NESSA noite eles faziam anos. Não
sei quantos, nessa hora parecia uma coisa absurda
cair na armadilha dos anos que se acumulam, um a um,
sem parar. Em poucos minutos estariam partindo,
talvez, para o último lugar para o qual muitos
gostariam de ir. Na pista do aeroporto internacional
José Martí, já estava prontificado o IL-96, a
aeronave que os levará sem escala até Serra Leoa.
Eram os doutores Eldys Rodríguez
e Roberto Ponce, os quais, justamente antes de
saírem à pista encharcada por um aguaceiro,
receberam o “parabéns a vocês”, cantado por mais de
uma centena de profissionais da saúde cubana. Esses
que disseram que sim, sem hesitar, quando lhes
perguntaram sua disposição de ir salvar vidas à
África. Como é que poderiam dar outra resposta se
desde o primeiro momento em que se sentaram em uma
sala de aulas da faculdade médicas lhes ensinaram a
amar essa profissão de salvar vidas.
O doutor Rodríguez tinha acabado
de abraçar sua família. “Deixo-os calmos — diz —
convictos da necessidade da minha partida.
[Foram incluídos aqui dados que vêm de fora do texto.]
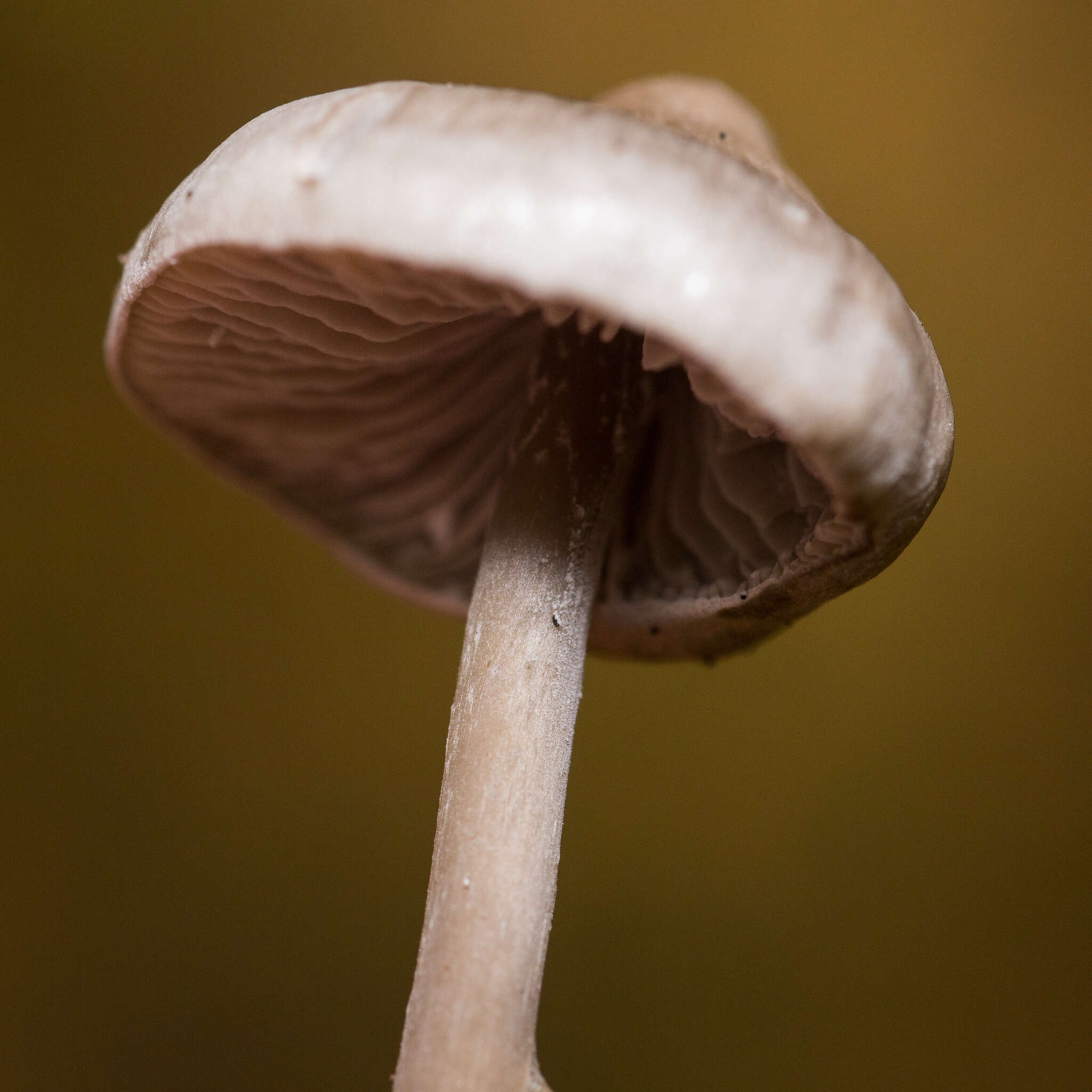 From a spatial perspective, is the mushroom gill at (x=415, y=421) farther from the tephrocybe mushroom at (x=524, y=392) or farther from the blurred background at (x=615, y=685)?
the blurred background at (x=615, y=685)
Este é o
momento histórico que me coube viver. Agora mesmo,
com o avião prestes a sair, estou cheio de
sentimentos de alegria, saudade, sentimentos pela
minha Revolução, por sair na frente, para evitar que
essa doença se continue alastrando, para evitar que
chegue ao meu país. Esta é mais uma prova que a vida
me põe pela frente, justamente no dia do meu
aniversário, esse deve ser um bom augúrio”.
Desculpe que lhe pergunte: Sente
medo?
“Não, só precaução”, responde-me
e parece feliz.
Ao seu lado está Roberto Ponce,
um homem alto, certo, que também tem dedicado sua
vida à Medicina. É especialista em Medicina Geral
Integral, ainda enfermeiro de tratamento intensivo,
com um diplomado em tratamento intensivo e um
mestrado em Ciências Médicas. Definitivamente, Serra
Leoa contará com os melhores especialistas para se
salvar do Ébola.
Suspeito que Ponce tem sobre
seus ombros mais de uma heroicidade. E é mesmo:
“Estive no Sri Lanka, quando do tsunami de 2004; e
desde 2005 até 2007 trabalhei em Lesoto, no sul da
África. Portanto, esta é minha terceira ocasião”.
Agora, retorna novamente ao continente africano,
como ele mesmo reconhece, “esta missão será
difícil”. Mas se vê sossegado. A preparação recebida
nas semanas anteriores lhe permitiu ter todas as
armas para a precaução. Incrivelmente, ele me faz
outra confissão:
“Eu não tenho medo das doenças,
mas tenho muito medo do avião que está lá fora”.
Então, tento calcular a dimensão destes homens,
heróis de carne e osso, com glórias vividas, com
outras ainda por viver, com saudades, alegrias,
temores; homens que resolveram dedicar suas vidas a
outros, ainda pondo em risco as suas.
A cada um deles o presidente
cubano Raúl Castro deu um aperto de mãos;
desejou-lhes boa viagem, um rápido retorno; lhes
disse para se cuidarem; deu-lhes muito ânimo antes
de subirem ao avião. Como reciprocidade, eles lhe
pediram que confiasse na Brigada: que desse um
abraço ao comandante-em-chefe; alguns ficaram
parados firmemente em frente do general-de-exército;
outros puseram a mão no coração...
Dessa forma se despediu de Cuba
a equipe de 165 colaboradores internacionalistas,
formada por 63 médicos e 102 enfermeiros, vindos de
todas as províncias do país, com mais de 15 anos de
experiência prática. Deles, 81% já cumpriram missão
em outras ocasiões.
Assim
disseram adeus à pátria por um tempo, para fazer
valer ali, onde mais eles são necessários, o fato
inquestionável de que Cuba não dá o que tem a mais,
mas sim o melhor que tem, o bem mais prezado: seus
filhos, seus heróis de batas brancas.